Standing on a commuter train in the middle of rush hour, it’s hard to imagine when travel used to be a thrilling thing. However, one look at the bright vintage travel posters of the 20th Century immediately transports you to a world of luxury and romance. What made the posters of the 20th century so persuasive? We take a look at our iconic P&O Heritage collection, to find out how the artists behind the shipping and cruise company’s eye-catching travel ads encouraged people to explore the world in the golden era of travel.
Horace Taylor, Constantinople, 1920’s, lithographic poster
Exotic landscapes and picturesque architecture instantly set the viewer daydreaming. Such scenic views already appeared in nineteenth century travel ads, when they were filled with decorative text, but in twentieth-century designs, they take on a sleek finish. Instead of commissioning fine artists, travel agencies now turned to commercial designers. The likes of Horace Taylor, whose clients included the Guardian and the London Underground, designed posters with block colours, minimal and impactful text. The medium of the lithographic poster offered smooth planes of exceptionally bright colour that made holiday destinations look even more inviting, like Horace Taylor’s sunlit and secluded “Constantinople”.
John Bainbridge, Boomerang, 1950’s.
Further into the twentieth century, artists began to get more creative with the posters’ layouts and letters. Some started to integrate text into their images, such as John Bainbridge with his 1950’s poster Boomerang, which is in our P&O Heritage collection. The designs of these posters reflect wider twentieth-century artistic styles. Mixing images and text was popular with cubists and collage artists, and the simplified shapes in P&O Heritage’s 1937 Escape from winter appear in abstract art. In these fresh designs the commercial poster meets avant-garde tastes.
Frederick Griffin, For the Best at Sea Sail P&O, 1956
Writing about his trip on a P&O ship in 1930, Noel Coward recalls “lines of chairs on the promenade deck” and “hooting sirens” on board.
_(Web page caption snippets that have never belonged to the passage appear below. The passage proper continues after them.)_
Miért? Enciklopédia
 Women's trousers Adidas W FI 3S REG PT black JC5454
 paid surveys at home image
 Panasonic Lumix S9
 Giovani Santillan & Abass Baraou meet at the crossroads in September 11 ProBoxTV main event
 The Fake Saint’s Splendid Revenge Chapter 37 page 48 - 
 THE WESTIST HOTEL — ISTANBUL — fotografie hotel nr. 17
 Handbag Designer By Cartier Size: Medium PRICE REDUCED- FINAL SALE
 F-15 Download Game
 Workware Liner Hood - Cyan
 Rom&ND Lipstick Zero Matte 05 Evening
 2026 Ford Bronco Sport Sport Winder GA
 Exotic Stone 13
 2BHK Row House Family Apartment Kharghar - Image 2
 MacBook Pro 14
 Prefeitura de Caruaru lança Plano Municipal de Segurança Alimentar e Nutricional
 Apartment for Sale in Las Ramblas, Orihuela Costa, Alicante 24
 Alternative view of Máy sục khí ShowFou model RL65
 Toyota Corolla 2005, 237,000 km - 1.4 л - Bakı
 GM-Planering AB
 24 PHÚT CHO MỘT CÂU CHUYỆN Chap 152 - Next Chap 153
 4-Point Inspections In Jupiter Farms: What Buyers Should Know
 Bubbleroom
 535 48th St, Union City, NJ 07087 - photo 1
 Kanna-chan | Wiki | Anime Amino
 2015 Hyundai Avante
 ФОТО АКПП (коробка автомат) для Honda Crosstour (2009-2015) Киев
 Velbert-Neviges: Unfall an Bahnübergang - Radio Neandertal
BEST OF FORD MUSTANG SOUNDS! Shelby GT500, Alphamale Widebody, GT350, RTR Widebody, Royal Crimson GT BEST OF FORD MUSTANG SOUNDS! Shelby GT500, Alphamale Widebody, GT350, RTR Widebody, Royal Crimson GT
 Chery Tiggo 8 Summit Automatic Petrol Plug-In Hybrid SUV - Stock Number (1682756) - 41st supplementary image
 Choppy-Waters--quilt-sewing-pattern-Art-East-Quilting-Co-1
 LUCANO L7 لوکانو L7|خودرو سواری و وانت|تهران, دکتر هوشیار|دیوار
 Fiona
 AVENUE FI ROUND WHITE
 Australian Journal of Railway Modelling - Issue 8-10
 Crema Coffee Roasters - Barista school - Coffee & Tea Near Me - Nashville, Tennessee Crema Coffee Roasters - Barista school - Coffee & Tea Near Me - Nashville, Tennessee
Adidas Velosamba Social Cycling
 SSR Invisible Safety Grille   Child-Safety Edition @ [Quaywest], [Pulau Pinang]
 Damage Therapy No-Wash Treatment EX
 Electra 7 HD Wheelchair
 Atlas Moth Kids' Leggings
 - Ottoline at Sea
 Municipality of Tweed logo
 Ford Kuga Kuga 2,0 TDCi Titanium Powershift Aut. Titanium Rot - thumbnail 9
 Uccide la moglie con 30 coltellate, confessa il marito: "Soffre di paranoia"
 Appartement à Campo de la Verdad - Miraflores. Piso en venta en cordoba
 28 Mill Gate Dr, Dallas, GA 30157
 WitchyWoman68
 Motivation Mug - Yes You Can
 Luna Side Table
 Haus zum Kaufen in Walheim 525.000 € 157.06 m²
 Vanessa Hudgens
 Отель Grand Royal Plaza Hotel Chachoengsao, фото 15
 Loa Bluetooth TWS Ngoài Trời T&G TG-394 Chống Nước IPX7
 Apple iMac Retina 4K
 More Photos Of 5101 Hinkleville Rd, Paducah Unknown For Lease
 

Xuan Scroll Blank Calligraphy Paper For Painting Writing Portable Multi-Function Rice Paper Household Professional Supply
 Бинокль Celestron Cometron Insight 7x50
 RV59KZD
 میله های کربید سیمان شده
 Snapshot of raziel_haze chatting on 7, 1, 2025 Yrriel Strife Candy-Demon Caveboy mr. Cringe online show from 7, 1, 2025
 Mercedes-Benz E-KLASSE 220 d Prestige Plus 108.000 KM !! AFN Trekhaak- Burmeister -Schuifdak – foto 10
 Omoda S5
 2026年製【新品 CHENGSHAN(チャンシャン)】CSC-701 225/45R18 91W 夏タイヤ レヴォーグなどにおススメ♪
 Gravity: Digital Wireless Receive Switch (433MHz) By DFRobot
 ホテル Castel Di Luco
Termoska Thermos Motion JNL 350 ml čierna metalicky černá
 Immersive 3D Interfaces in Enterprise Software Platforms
Holiday stories always capture the imagination, and what better way to evoke the idyllic atmosphere than bringing cheery guests into the picture? Many vintage travel posters, especially from the 30’s onwards, are full of smiling, swimming and sunbathing tourists. The emphasis on families having fun in the sun also presented holidays as an escape from the gloomy context of two World Wars.
Poster artists of the twentieth century knew that placing a few long-legged ladies around the poolside might tempt viewers to book a holiday. Suntanned, shiny-skinned girls pop up in sultry posters like this one from P&O’s First and Tourist Class Brochure from 1939. Take a look at Septimus Scott’s New Brighton and Wallasey or Charles Pears’ poster advertising trips to Gorleston-on-Sea for more beachy pin-ups. These glamorous vintage posters certainly heat up the seaside.